Psychological Intimacy in the Lasting Relationships of Heterosexual and Same-Gender Couples - What is Psychological Intimacy?
Table III shows the results of a logistic regression analysis--this includes variables from Table I, which had also been found in previous research to be related significantly to psychological intimacy. Included in the model was the sexual orientation of couples. Variables in the model that were not related significantly to psychological intimacy included decision-making, the quality of sexual relations, and the importance of sexual relations to relationships. Factors that were predictive of psychological intimacy during recent years were physical affection between partners (B = 1.63, p = .01); the seriousness of conflict between partners (B = -2.24, p = .01); the conflict management styles of partners, as reported by participants (B = 1.16, p = .01); and the fairness or equity of relationships (B = 1.29, p = .01).
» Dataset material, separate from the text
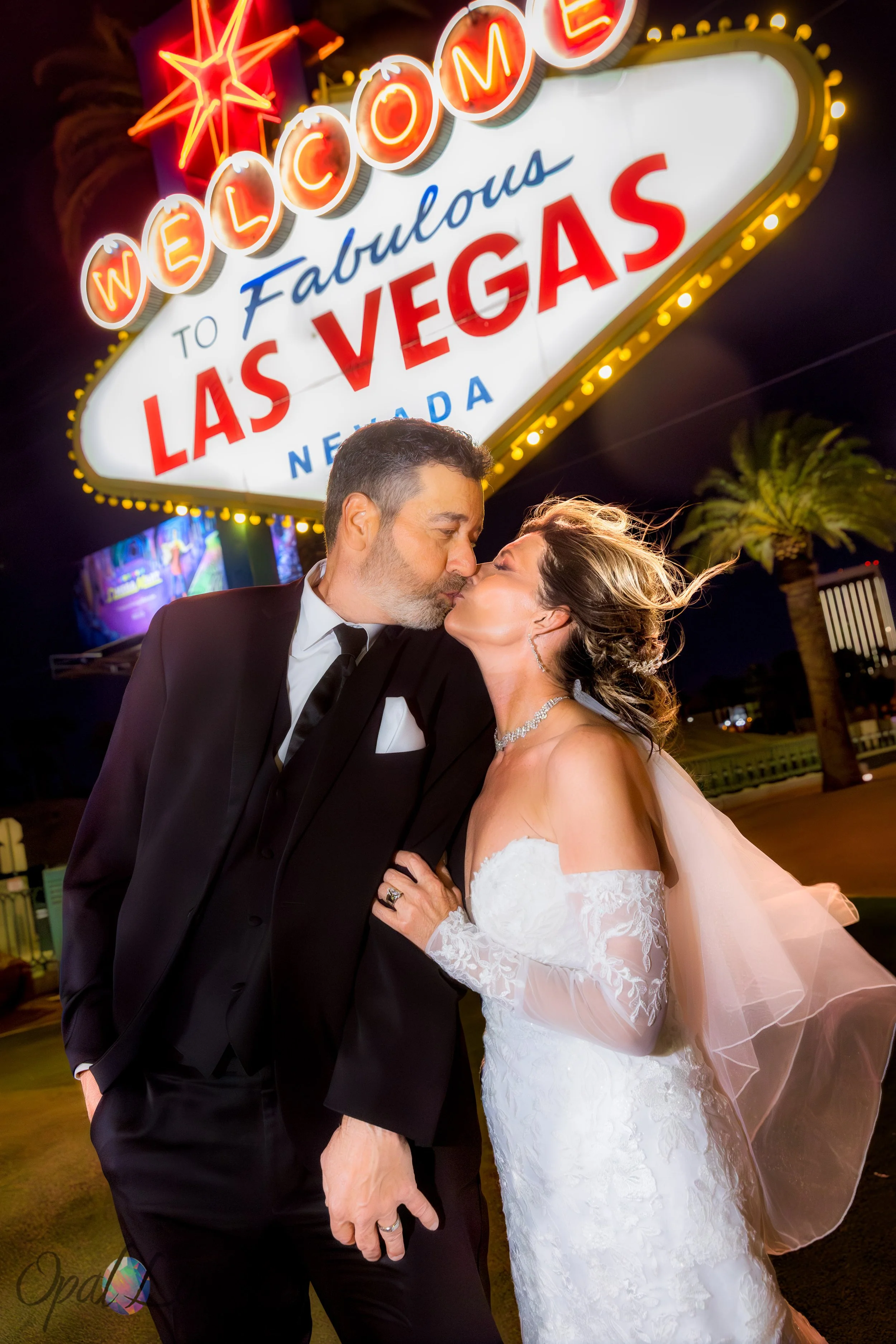 Couple kissing beneath the Welcome to Fabulous Las Vegas sign.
On the factor of the sexual orientation of couples, lesbian couples differed from heterosexual couples (B = 1.47,p = .05) and gay male couples (B = 1.96, p = .03). Compared to the gay males and heterosexuals, lesbians were more likely to report that their relationships were psychologically intimate in recent years: 90% of lesbian, 75% of gay male, 72% of heterosexual participants; ([X.sup.2] = 6.04 (2df), p = .05).
To clarify whether the differences between lesbians and the other two groups was a matter of sexual orientation or gender, a second model was constructed and tested with logistic regression. Gender was substituted for sexual orientation of couples in that model. The results are shown in.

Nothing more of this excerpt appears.